Peu crédible que les témoins, dont aucun n’appartient au cercle dirigeant de la gauche radicale, aient pu avoir accès à une réunion aussi confidentielle. D’autre part, les témoignages sont tellement identiques qu’ils paraissent provenir d’une même source et avoir été appris par cœur. Enfin, les douilles retrouvées sur les lieux du crime ne correspondent pas à l’arme présentée par le soi-disant tueur repenti. Bref, la juge Evelyn Atienza Turla, en charge du dossier, n’est pas convaincue. Le 18 juillet 2008, estimant que le dossier ne contient pas d’élément probant, elle refuse d’émettre un mandat d’arrêt contre les accusés (Rappler, 27/08/2018).

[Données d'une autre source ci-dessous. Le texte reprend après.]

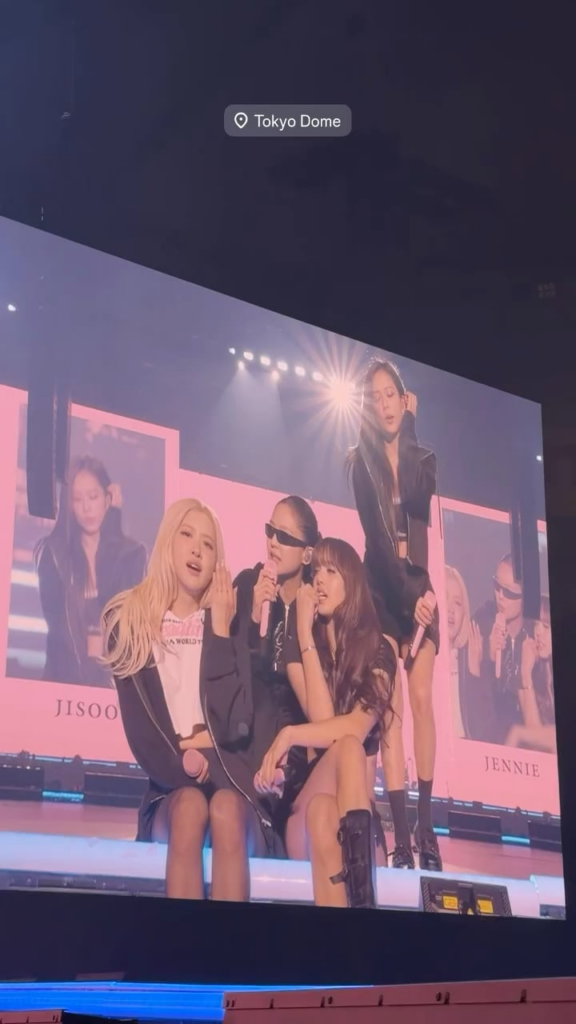 260124 تحديث قصة alisonmchang على IG مع BLACKPINK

Curieusement, c’est la même magistrate qui, dix ans plus tard, le 11 juillet 2018, sans qu’aucun nouvel élément ait été versé au dossier et sans fournir d’explication, revient sur sa décision et délivre un mandat d’arrêt qu’elle assorti même d’une recommandation à ne pas autoriser la mise en liberté sous caution des accusés.

Tout aussi curieusement, la police se hâte de ne rien faire.

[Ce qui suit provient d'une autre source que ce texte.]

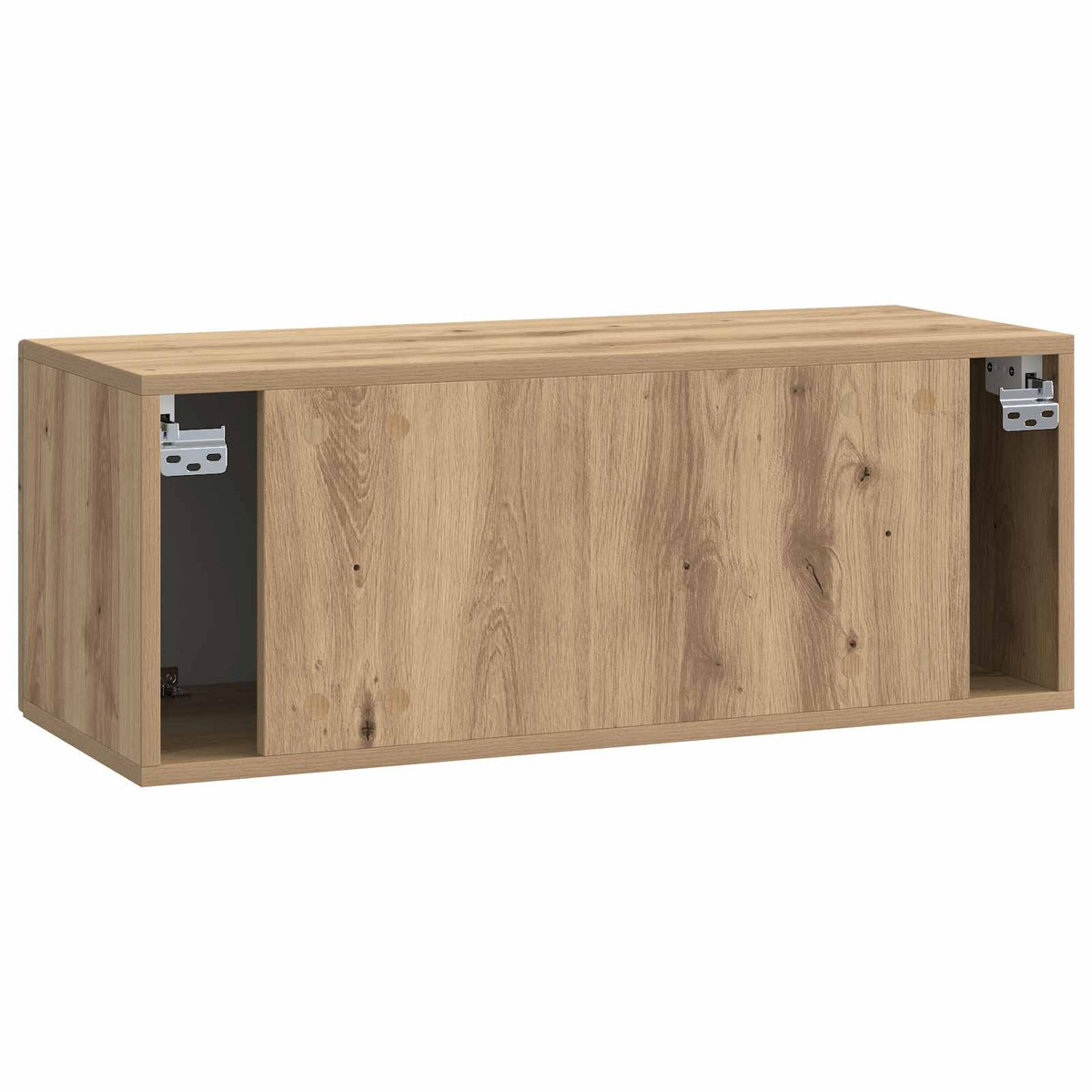 Wandmontierter TV-Schrank 78,5 x 31 x 30 cm Artisan-Eiche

Et le 30 juillet, Oscar Albayalde, chef de la PNP, donne quelques jours de sursis aux quatre accusés qu’il appelle à se rendre de leur plein gré…

… tout en annonçant qu’il a confié l’exécution du mandat d’arrêt au CIDG (Criminal Investigation and Detection Group), une unité d’élite chargée de l’arrestation des criminels particulièrement dangereux.

Puis, le 4 août, Citizen Crime Watch en rajoute une louche. Cette organisation « citoyenne » de lutte contre la criminalité et qui entend prêter main-forte à la police, offre une récompense de 1 million de pesos (environ 16.000 euros) pour toute information permettant l’arrestation des quatre « criminels ».

A l’heure ou je mets en ligne, aucun des inculpés n’a encore été détenu.

Et l’on peut se demander si le pouvoir souhaite véritablement traîner les quatre représentants de Bayan devant la justice où s’il cherche à mettre en place les conditions qui pourraient justifier leur exécution – une opération de police musclée, par exemple, au cours de laquelle les accusés tenteraient de résister aux forces de l’ordre ou essayeraient de s’enfuir… sans autre témoin que les cow-boys du CIDG, évidemment.